Task to complete: From the material below, return exactly the lines starting at the one that holds "Andrew Westwood QC" and ending at the one that holds "Valcano Dağı ve lake Myvatn kış peyzaj". Pictures stay out of the answer.

Records shown:
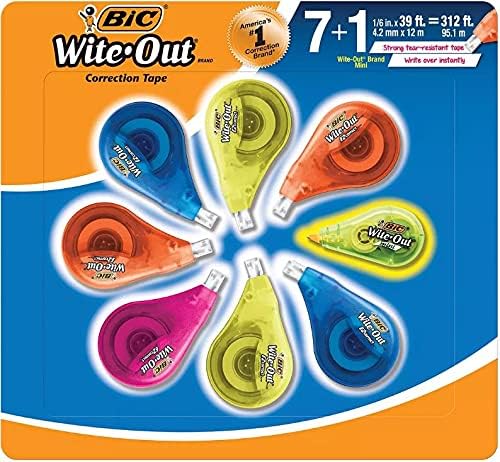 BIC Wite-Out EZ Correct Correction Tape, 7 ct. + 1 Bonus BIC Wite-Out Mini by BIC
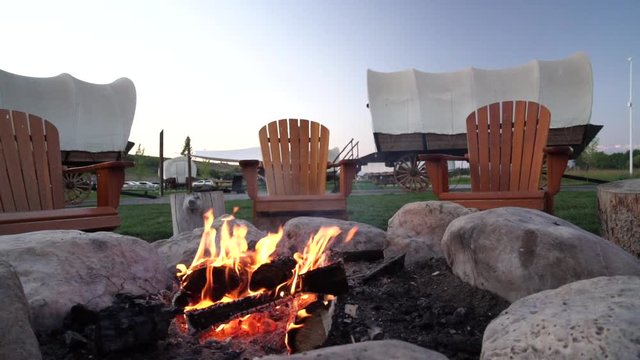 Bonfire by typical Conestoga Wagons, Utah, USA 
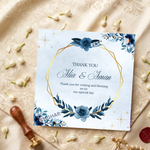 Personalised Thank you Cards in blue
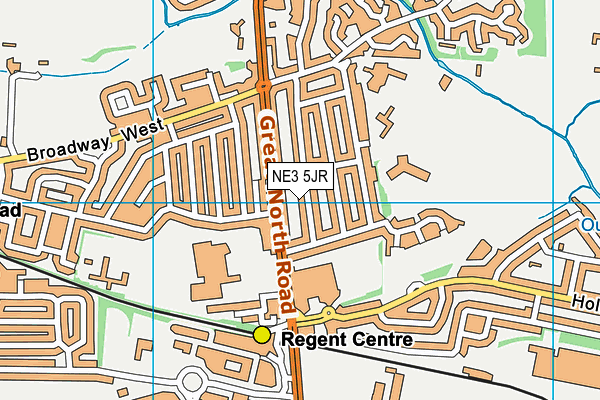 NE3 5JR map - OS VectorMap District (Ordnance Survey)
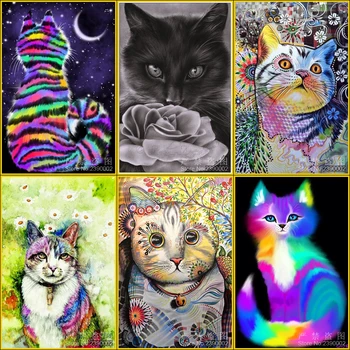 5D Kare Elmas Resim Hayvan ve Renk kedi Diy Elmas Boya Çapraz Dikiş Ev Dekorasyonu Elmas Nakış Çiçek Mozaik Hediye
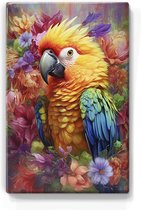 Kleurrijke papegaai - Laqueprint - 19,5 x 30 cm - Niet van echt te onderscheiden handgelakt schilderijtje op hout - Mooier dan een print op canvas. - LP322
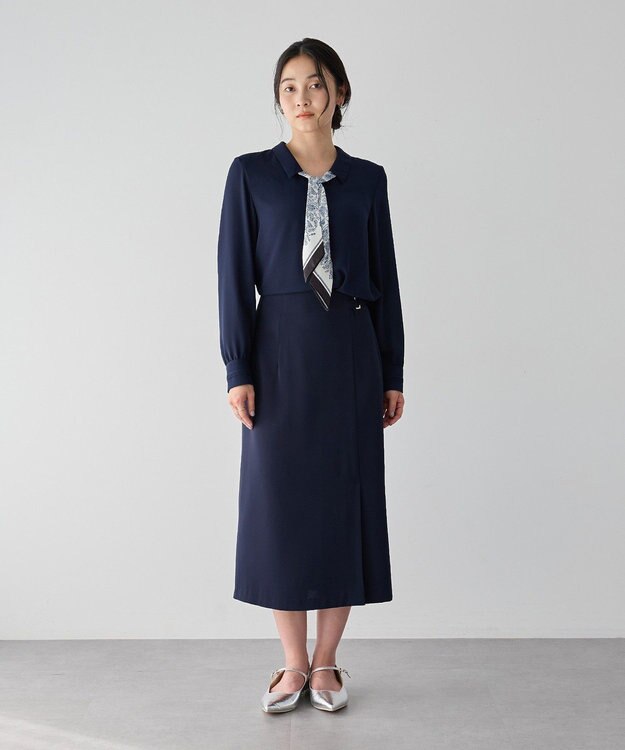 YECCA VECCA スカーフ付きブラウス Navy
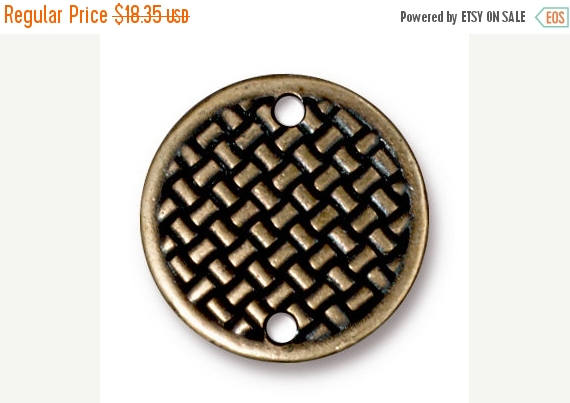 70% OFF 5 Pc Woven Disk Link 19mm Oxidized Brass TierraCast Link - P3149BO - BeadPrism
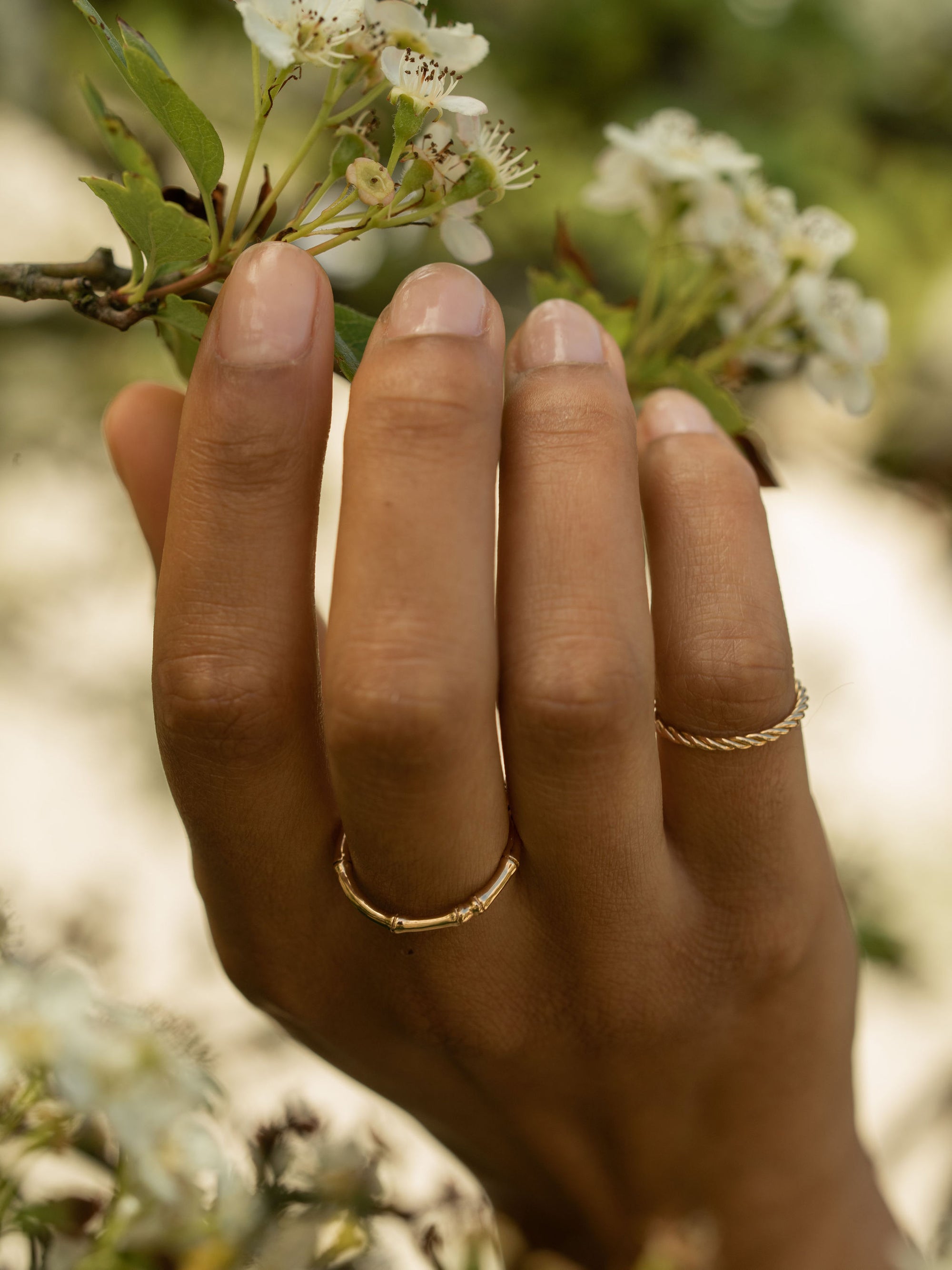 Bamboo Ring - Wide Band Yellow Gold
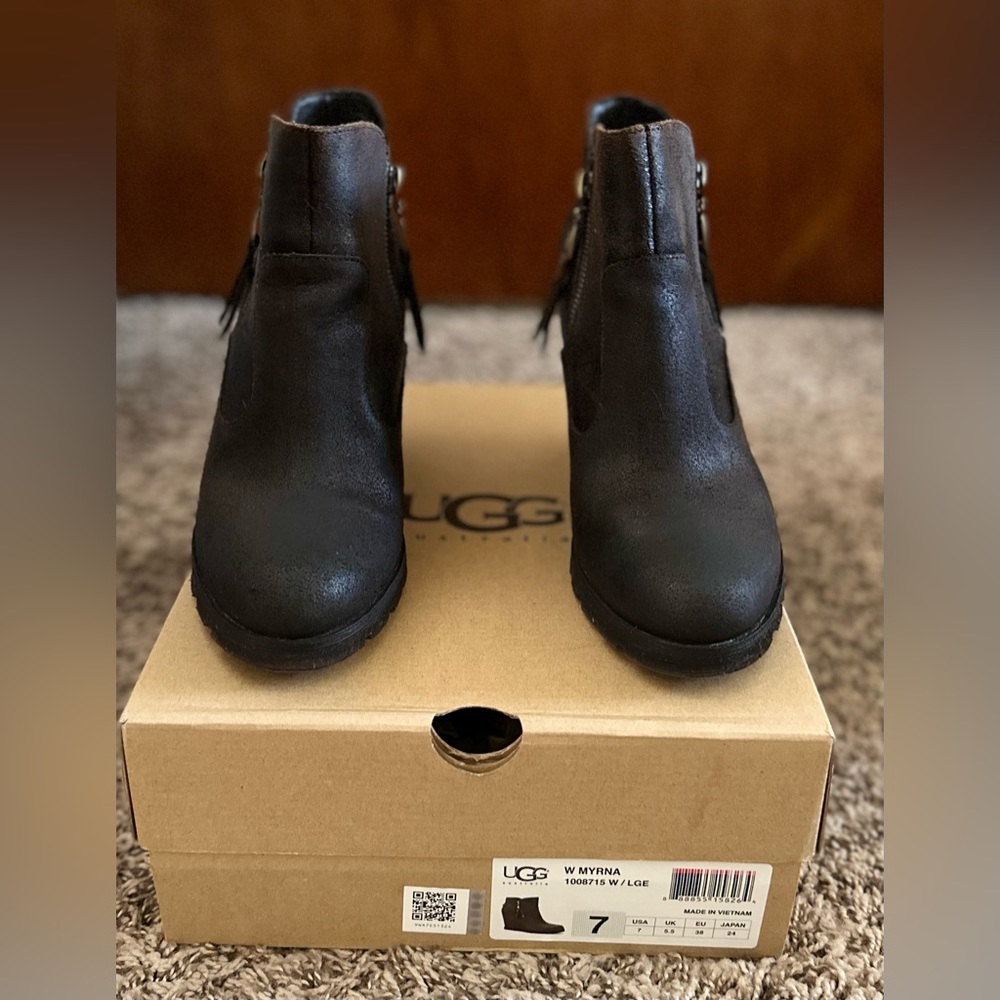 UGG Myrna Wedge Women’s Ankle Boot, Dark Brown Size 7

...

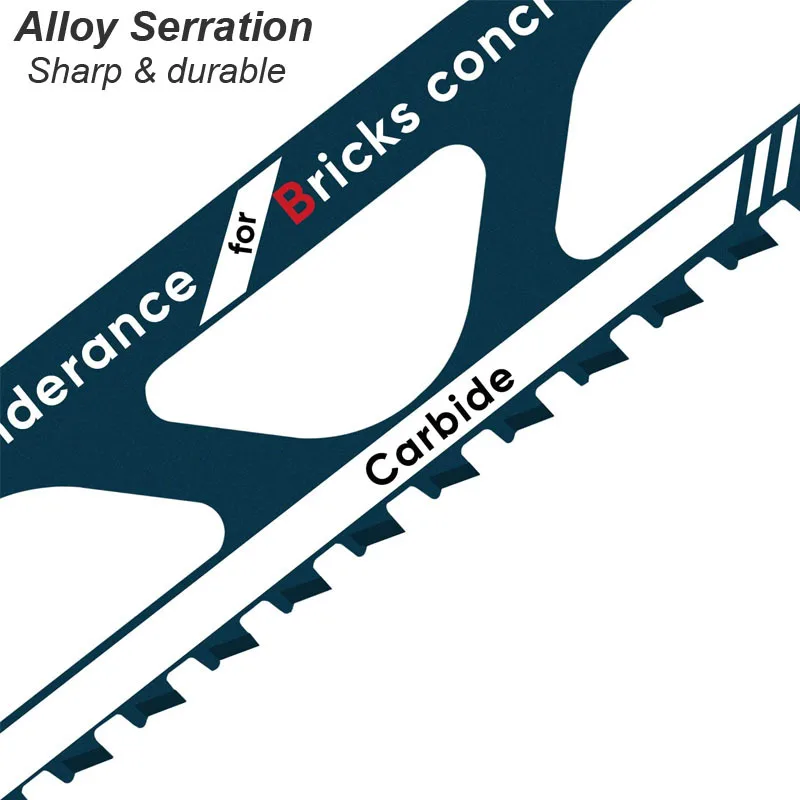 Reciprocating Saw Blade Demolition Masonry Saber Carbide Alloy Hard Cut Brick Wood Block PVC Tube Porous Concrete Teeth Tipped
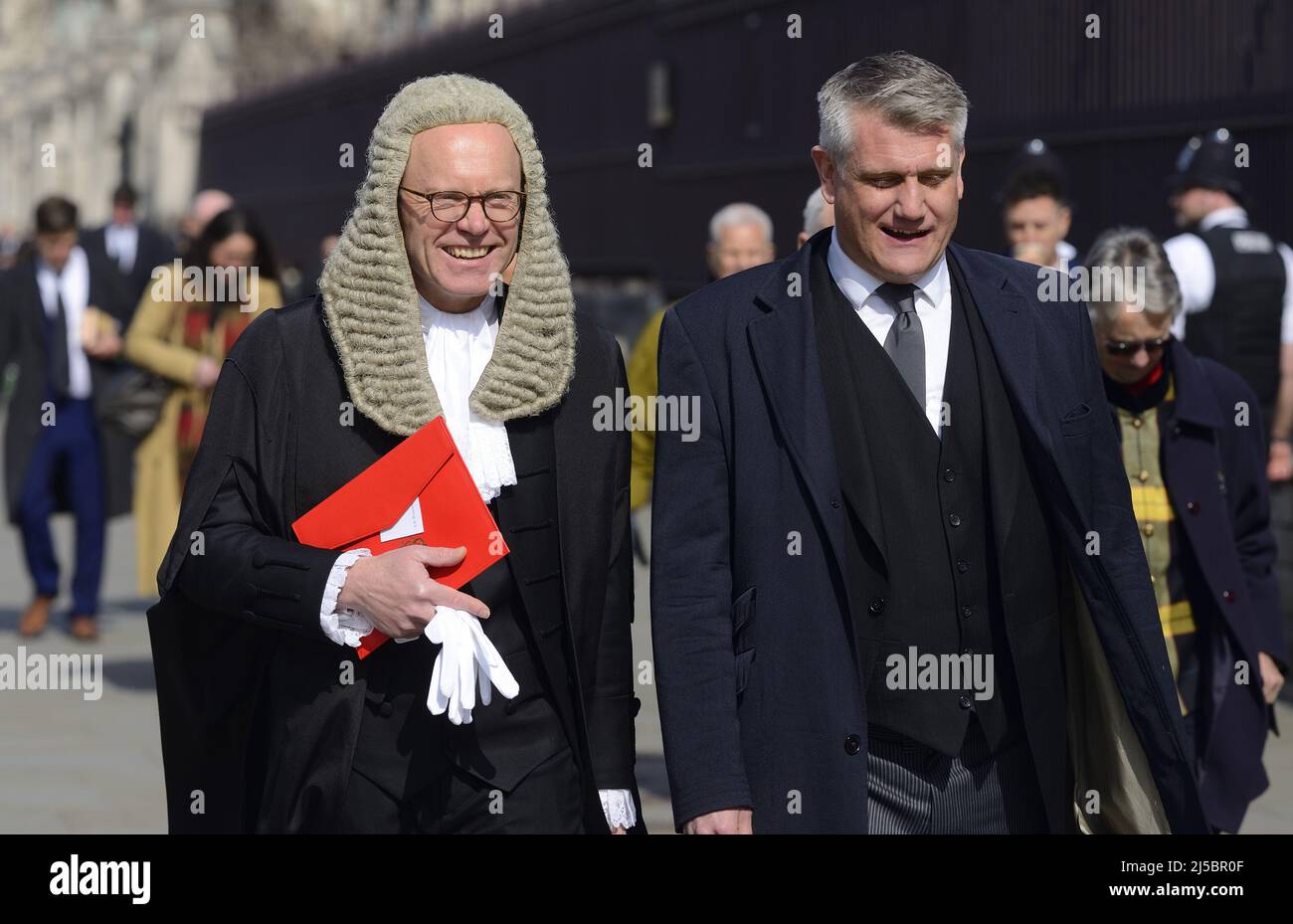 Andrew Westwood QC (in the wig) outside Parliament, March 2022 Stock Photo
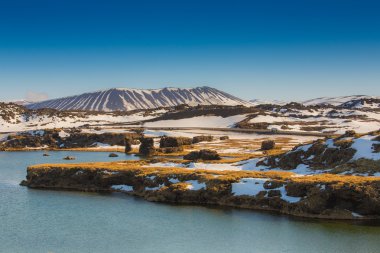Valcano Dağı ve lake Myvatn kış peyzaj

Output of the exercise:
 Andrew Westwood QC (in the wig) outside Parliament, March 2022 Stock Photo
Valcano Dağı ve lake Myvatn kış peyzaj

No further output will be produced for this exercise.